Introduction
Glaucoma remains a leading cause of irreversible blindness worldwide, characterized by progressive optic nerve damage. Recent research highlights the crucial role of vascular factors in its pathogenesis, particularly choroidal microvasculature dropout (MvD) – areas of capillary nonperfusion around the optic nerve head. This study investigates how structural alterations in deep optic nerve head (ONH) architecture relate to MvD development in glaucomatous eyes across varying myopia severities. Understanding these relationships could unlock new diagnostic and therapeutic approaches for this complex neurodegenerative disease.
Study Design and Methodology
This cross-sectional analysis involved 394 eyes from 262 patients with primary open-angle glaucoma or glaucoma suspect status. Participants underwent comprehensive ophthalmic evaluations including Spectralis OCT imaging aligned to the Foveal-Bruch’s Membrane Opening (FoBMO) axis. Eyes were stratified by axial length into three groups: non-myopic (AL<24mm, n=144), mild myopia (24mm≤AL<26mm, n=174), and high myopia (AL≥26mm, n=76). Researchers manually segmented Bruch's Membrane Opening (BMO) and anterior scleral canal opening (ASCO) landmarks to quantify: BMO/ASCO offset magnitude, neural canal obliqueness, and neural canal minimum cross-sectional area (NCMCA). MvD parameters (presence, area, angular circumference) were assessed using OCT-angiography en face choroidal images and B-scans.
Key Structural and Vascular Findings
Highly myopic eyes demonstrated significantly larger MvD areas (0.38 mm²) compared to mild myopia (0.33 mm²) and non-myopia (0.21 mm²). Angular circumference measurements followed similar patterns. Remarkably, high myopia eyes exhibited substantially different ONH architecture: enlarged BMO area, increased NCMCA ovality index, greater BMO/ASCO offset, elevated neural canal obliqueness, and reduced NCMCA. Multivariable analysis confirmed independent associations between deep ONH structural parameters and MvD metrics. Specifically: NCMCA dimensions, ovality index, BMO/ASCO offset magnitude, and neural canal obliqueness correlated significantly with both MvD presence and affected area. Additionally, NCMCA ovality and neural canal obliqueness independently predicted MvD angular circumference extension.

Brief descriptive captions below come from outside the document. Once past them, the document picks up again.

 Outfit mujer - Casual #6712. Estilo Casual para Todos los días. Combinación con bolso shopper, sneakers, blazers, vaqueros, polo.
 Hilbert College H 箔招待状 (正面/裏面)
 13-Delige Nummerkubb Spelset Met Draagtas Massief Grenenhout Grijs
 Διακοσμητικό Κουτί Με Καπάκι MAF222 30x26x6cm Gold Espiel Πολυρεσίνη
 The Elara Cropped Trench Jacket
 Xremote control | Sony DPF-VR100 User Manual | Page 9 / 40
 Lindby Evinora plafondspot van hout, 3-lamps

Clinical Implications and Pathophysiological Insights
Findings suggest mechanical forces in myopic eyes induce profound ONH structural reorganization, particularly elongation and tilting of the neural canal. This remodeling appears to trigger localized vascular compromise through multiple pathways: compression of posterior ciliary artery branches, altered choroidal perfusion pressure gradients, and biomechanical stress on microvasculature. The geometry of the neural canal (quantified through NCMCA ovality and obliqueness) emerged as a strong predictor of MvD configuration, potentially explaining why myopic glaucoma exhibits distinct patterns of visual field loss. These structural-vascular relationships persisted after adjusting for intraocular pressure, supporting microvascular dysfunction as an independent disease mechanism beyond pressure-induced damage.

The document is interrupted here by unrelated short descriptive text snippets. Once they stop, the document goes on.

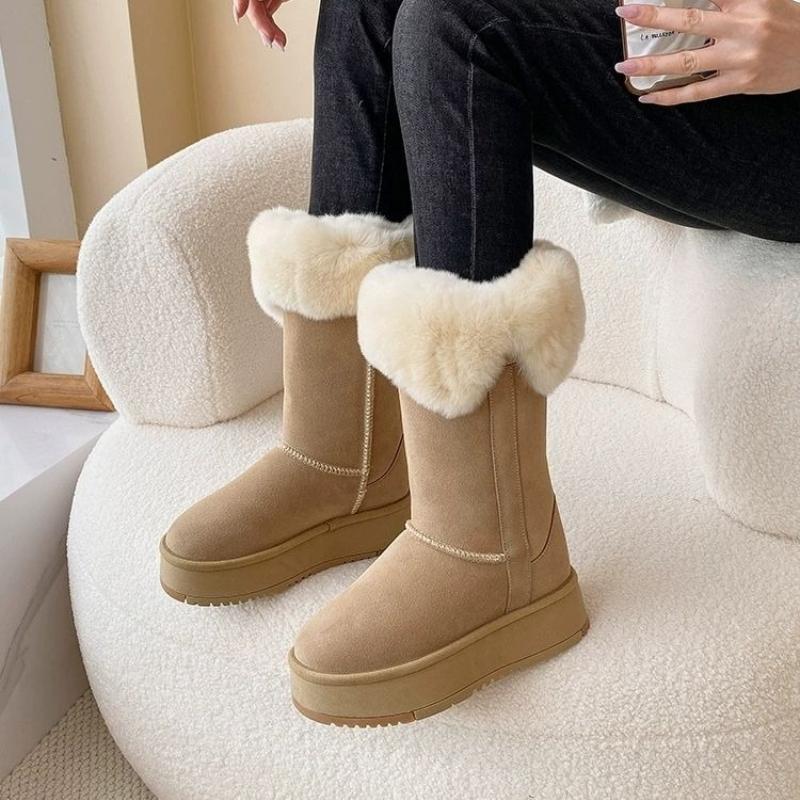 Fashion Winter Half High Chunky Women's Snow Boots Round Toe Plush Ladies Shoes 2025 Novelty Comfortable and Elegant Fashion Chic Boot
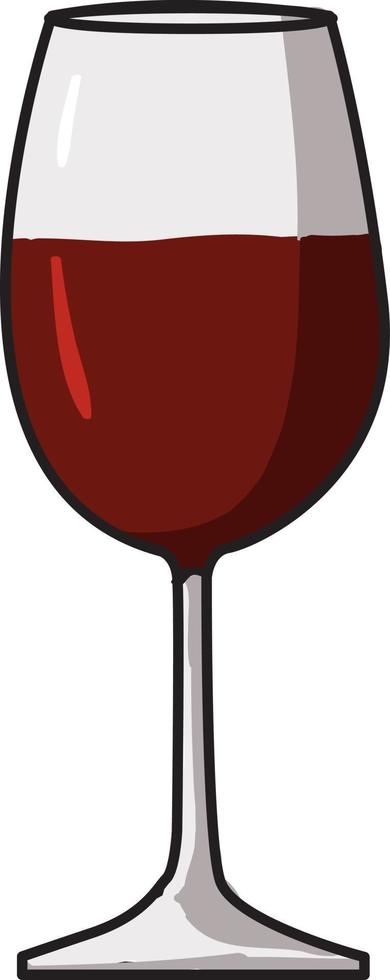 Glass of wine, illustration, vector on white background.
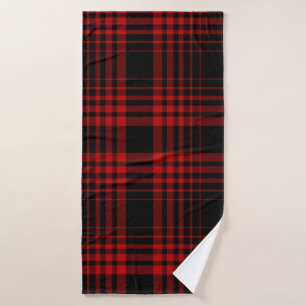 Schots naadloos vlekje met rode en zwarte tartan badhanddoek
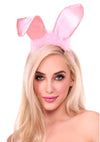 Pinker verspielter Haarreif mit biegsamen Satin Hasenohren und Marabubesatz von Leg Avenue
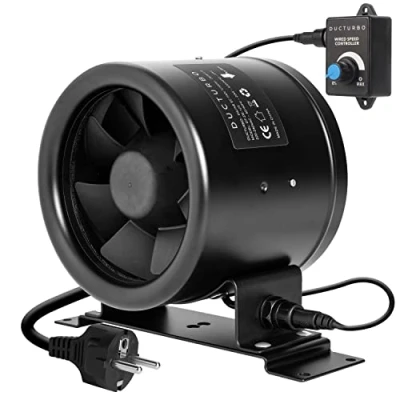 Afbeelding van DUCTURBO Buisventilator 125mm Krachtige Inline Ventilator, Max 280m3/h Afvoerventilator Krachtig Afzuigventilator voor Badkamer, Garage en Groen huis met Toerentalregelaar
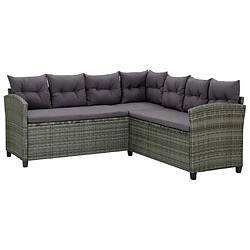 Avis Maison Chic Salon de jardin 6 pcs + coussins - Mobilier/Meubles de jardin - Table et chaises d'extérieur Résine tressée Gris -MN85467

Research Significance and Future Directions
This study provides novel evidence linking deep ONH architecture with choriocapillaris perfusion integrity. The simultaneous evaluation of structural and vascular parameters offers a comprehensive framework for understanding glaucoma pathogenesis in myopic eyes. Clinically, OCT-based assessment of neural canal geometry might help identify high-risk patients before irreversible visual field loss occurs. Future longitudinal studies should explore whether these structural parameters predict glaucoma progression rates. Additionally, investigations into whether reducing mechanical stress through targeted therapies could mitigate MvD development might offer new neuroprotective avenues for myopic glaucoma patients.
Conclusion
Deep ONH structural alterations, particularly neural canal geometry and orientation, significantly associate with choroidal microvascular dropout in glaucomatous eyes, with strongest manifestations in high myopia. These findings highlight the importance of integrated structural-vascular assessment in glaucoma management. Evaluating both domains may enhance early detection, risk stratification, and personalized treatment approaches, especially for myopic individuals facing elevated glaucoma risks. Future research should validate these associations longitudinally and explore therapeutic interventions targeting this newly identified structural-vascular axis.